10d 美味しい野草 食べ方いろいろ
ギボシ類とギシギシの献立
両者共それぞれに美味であるが,この二つを混合しての各種の料理はお互いにそ
の味を生かして献立を工夫すると格段に美味しい山菜料理となる。特に酢味噌和え
は蔬菜類をはるかに凌ぐものである。
ギボシ類の若葉もギシギシの若芽も灰汁で茹で水を替えて浸しアク抜きをしてか
ら使う。山里の小川などにギボシ類の茎柄が晒されているのをよく見かけることが
ある。
佃煮として,ギボシ類の若葉の柄100g,ギシギシの若葉50gを粗いみじん切りにし
てさっと茹でて水に晒しアク抜きをする。それを堅く絞って鍋に平らに入れ,煮出
汁1dlに,塩,醤油,味醂少量を加え中火で煮きって火から下ろし,切り胡麻を混
ぜる。
炒め煮は,ギボシ類の若芽200g,ギシギシの若葉150gを5,6pにちぎり水洗いし
水を切る。鶏ガラのスープ5dlを熱し,塩,醤油,酒,胡椒を少量入れて味を整え
る。鍋を熱して油4gを入れて熱する。油から煙が立つ直前に,ノビルの根茎とニン
ニクのみじん切り少量を入れて強火で炒め,次にキクラゲ少量を入れて軽く炒めて,
それに先のギボシ類とギシギシを入れ,すぐにスープを加えて混ぜ,胡麻油を手早
く混ぜ入れて熱いうちに食べる。
ギボシ類(擬宝珠類,オオバギボウシ,ウルイ) ゆり科 分布 日本全国
ギボシ類は現在の食用野草の代表的なものであるが,それに関する文献が少な
い。
ギシギシ(羊蹄) たで科 分布 日本全国
若芽を茹でて,ワサビ醤油,ショウガ醤油,三杯酢,酢味噌和えとして美味し
いものである。
ギシギシの同類にスカンポの名で親しまれているスイバがある。
ワラビとゼンマイを上手に使った献立
ワラビとゼンマイは,それぞれに調理しても美味しくよく知られているものであ
るが,両者を混ぜて使うと更によい味になることを特記したい。
ワラビとゼンマイは桶に入れ,その上を木灰で被い,上から熱湯をそそぎ,しば
らくして引き上げ,直ちに冷水に浸すとアクが抜けるので,十分にアクを去った後
に調理することである。
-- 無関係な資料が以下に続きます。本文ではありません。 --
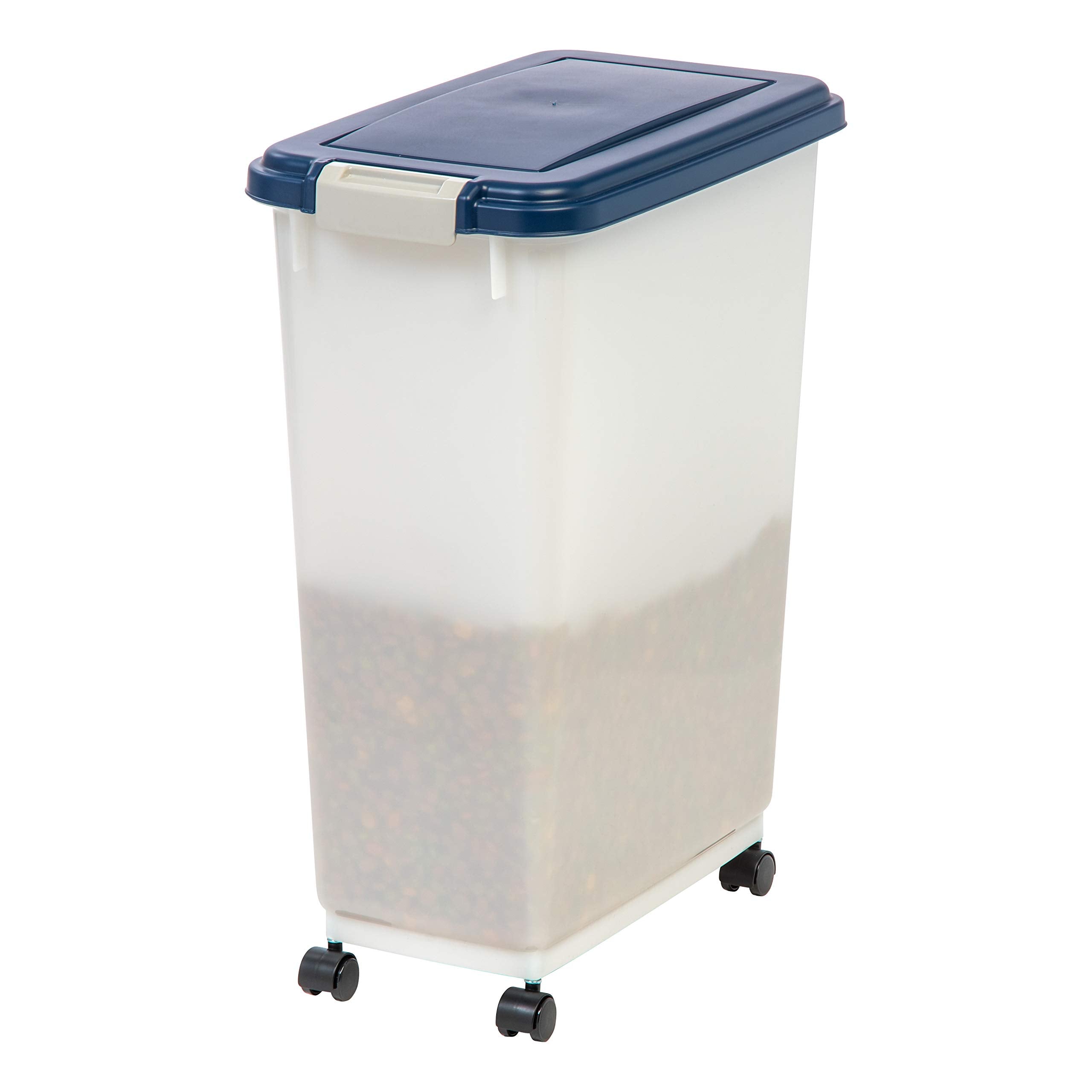 IRIS USA Airtight Dog Food Storage Container, Up to 38 lbs, Attachable Wheels, For Dog Cat Bird and Other Pet Food Storage Bin,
煮たり乾燥して貯えたり,また,生のものを塩漬として保
存し,使用する時に1,2時間水に浸し軽く茹でて料理してもよい。
浸し物,たたき,胡麻和え,辛し和え,胡麻味噌和え,サラダ,味噌汁の実,油
揚げとの甘煮,炊き込みご飯,てんぷらなどさまざまな調理法がある。
青煮は,アク抜きしたものを軽く茹で水気を去って適当な長さに切り,味醂に少
量の酢とトウガラシを加えて煮立たせた汁を冷やし,その中に浸す。
青漬は,沢庵漬のように塩と好みの量の砂糖を混ぜたものに漬けて貯蔵する。こ
れは正月料理の逸品。
砂糖漬は,アク抜きして半乾きにしたものを,しばらく水に浸した後,取り出し
て水気を去り,適当の長さに切って白砂糖をたっぷり加え,磁器製の蓋物に入れて
十分に目張りをして貯蔵する。
白和えは,アク抜きしたものを更に湯煮してザルにあげ堅く絞って適当の長さに
切り,生醤油,砂糖,味醂でよく煮つめる。炒り胡麻と豆腐をすり混ぜて和える。
豆腐に砂糖,味醂,塩で軽く味をつけておくと一層美味である。これは家庭料理と
いうよりも割烹料亭の超一流品なみである。
ワラビ餅は,ワラビ粉を水に溶かし強火でよく練って煮上げる。これは透明な程
上質であり,不透明なものはよく煮るとよい。煮上がったものを型に入れて冷やし
適当に切るかちぎって,キナ粉に砂糖,塩少々を混ぜたものをまぶす。
ワラビ粉の作り方は,秋から冬にかけてのワラビの根を掘り,水で洗い臼で搗い
て布袋に入れ,水を張った桶の中でよく振り出し,澱粉がでたら袋を絞り,再び臼
で搗きまた振り出し,この操作を2,3回繰り返して十分に澱粉を出す。澱粉の水
を度々替えてよく晒し,日乾しして貯える。
ワラビ(蕨)・ゼンマイ(銭巻) ぜんまい科 分布 日本全国
万葉集一四一八「石イワ激ハシる垂水タルミの上のさ蕨(和良妣)の萠え出づる春になりけ
るかも」
シイタケのスープとアカザ
干しシイタケ5,6本を水に戻して2,3片にそぐ。干し海老少々をぬるま湯に20
分間ほど浸して戻す。鶏ガラのスープ5dlに干し海老の戻し汁を加え,先のシイタ
ケと海老,ショウガ少々を入れて熱し,沸騰する前に,塩,酒,胡椒を少しずつと,
醤油,胡麻油各数滴を加えて好みの味に整える。アカザの若葉100gを適当にちぎっ
て器に盛り,スープを混ぜながら食べる。
加工して美味しい野草(抜粋) 資料:自然食 山海の野草
T ジャムにして美味しい野草
1 作り方
野草100gに対して砂糖300g塩少々の割合とする。作り方は,よく洗った野草をみじ
ん切りにして塩をふり,鍋に入れ,砂糖とその砂糖を溶かすだけの水を加え火にかけ
る。ゆっくりと弱火で煮込み,すっかり汁のなくなるまで煉る。材料植物は2種類以
上を混ぜる方が良い。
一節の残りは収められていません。